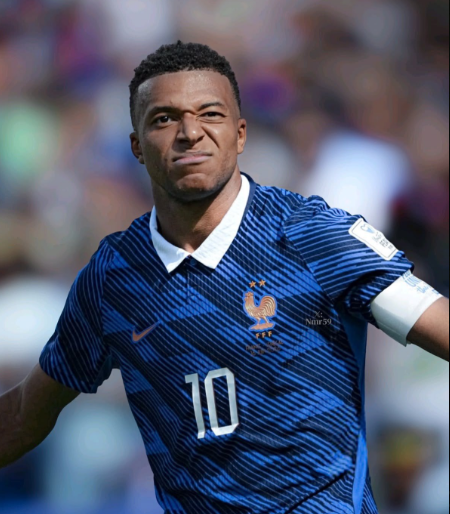 Mbappé makes World Cup history with second Golden Boot win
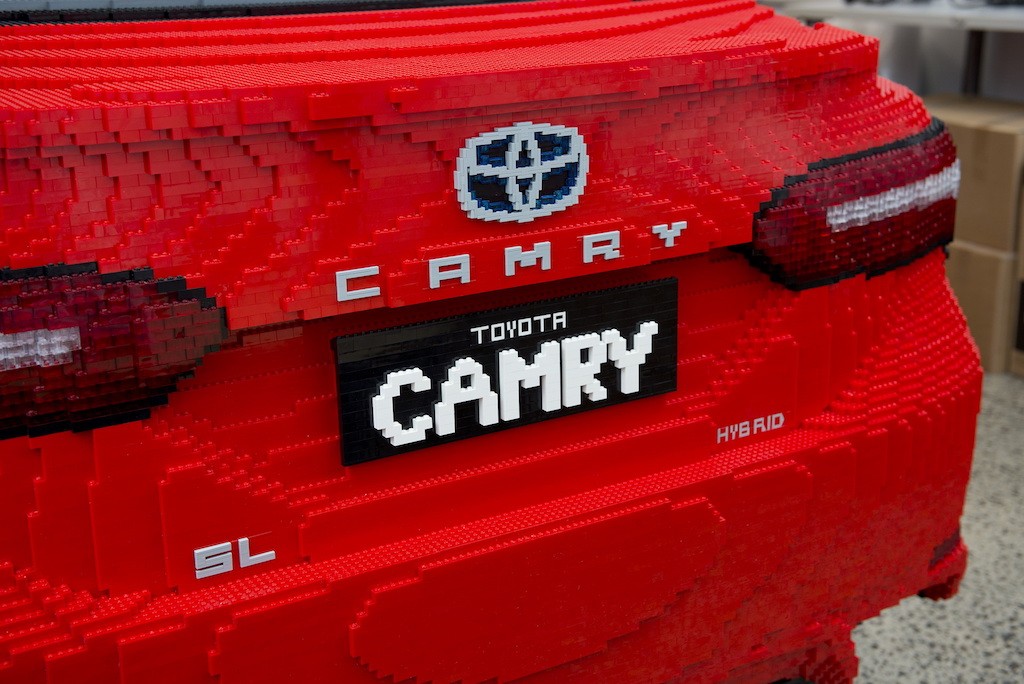 Độc đáo Toyota Camry được ghép hoàn toàn từ Lego ảnh 3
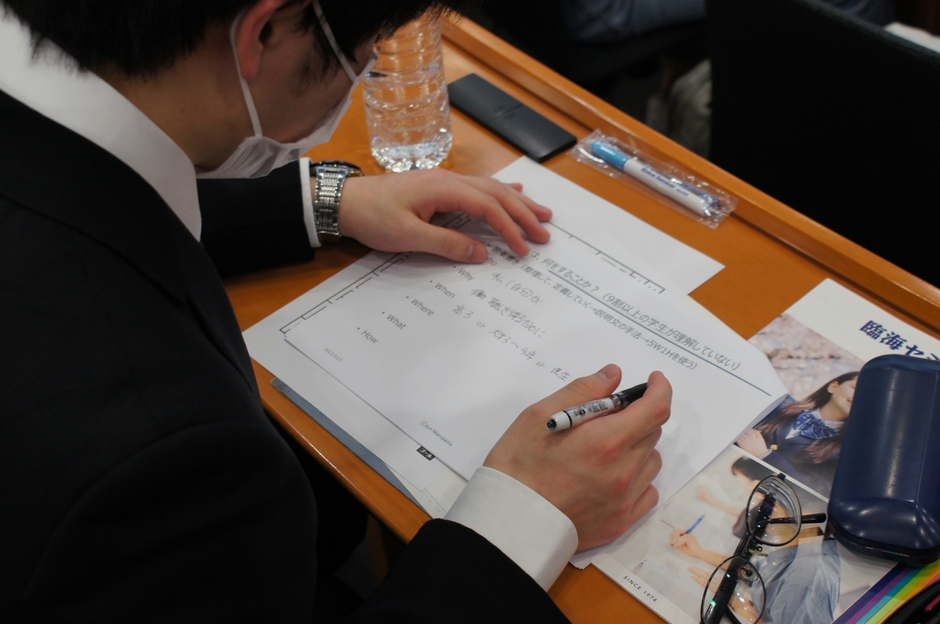 学生は5W1Hを通じて客観的に分析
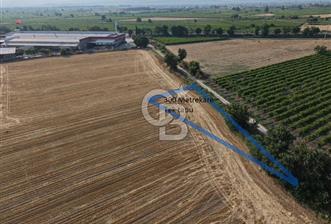 İstanbul-İzmir Yoluna 180 Metre, Yatırımlık 300 Metrekare Tarla - 1 - 357613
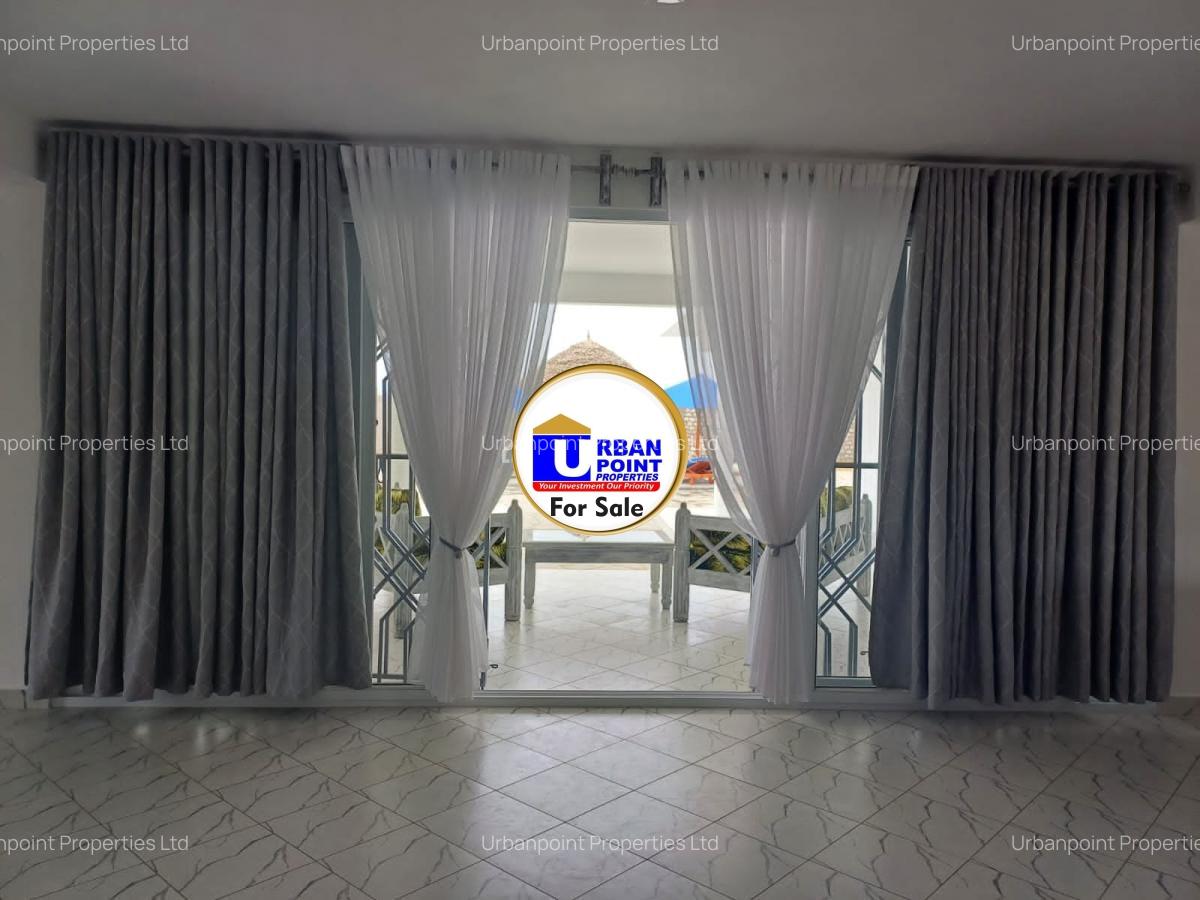 2 Bed House with En Suite in Watamu - 4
◆ ◆ ◆
§ THE PROBLEM
With the pictures set aside, return each line of the listing exactly as given.

§ OUTPUT OF THE TASK
 Mbappé makes World Cup history with second Golden Boot win
 Độc đáo Toyota Camry được ghép hoàn toàn từ Lego ảnh 3
 学生は5W1Hを通じて客観的に分析
 İstanbul-İzmir Yoluna 180 Metre, Yatırımlık 300 Metrekare Tarla - 1 - 357613
 2 Bed House with En Suite in Watamu - 4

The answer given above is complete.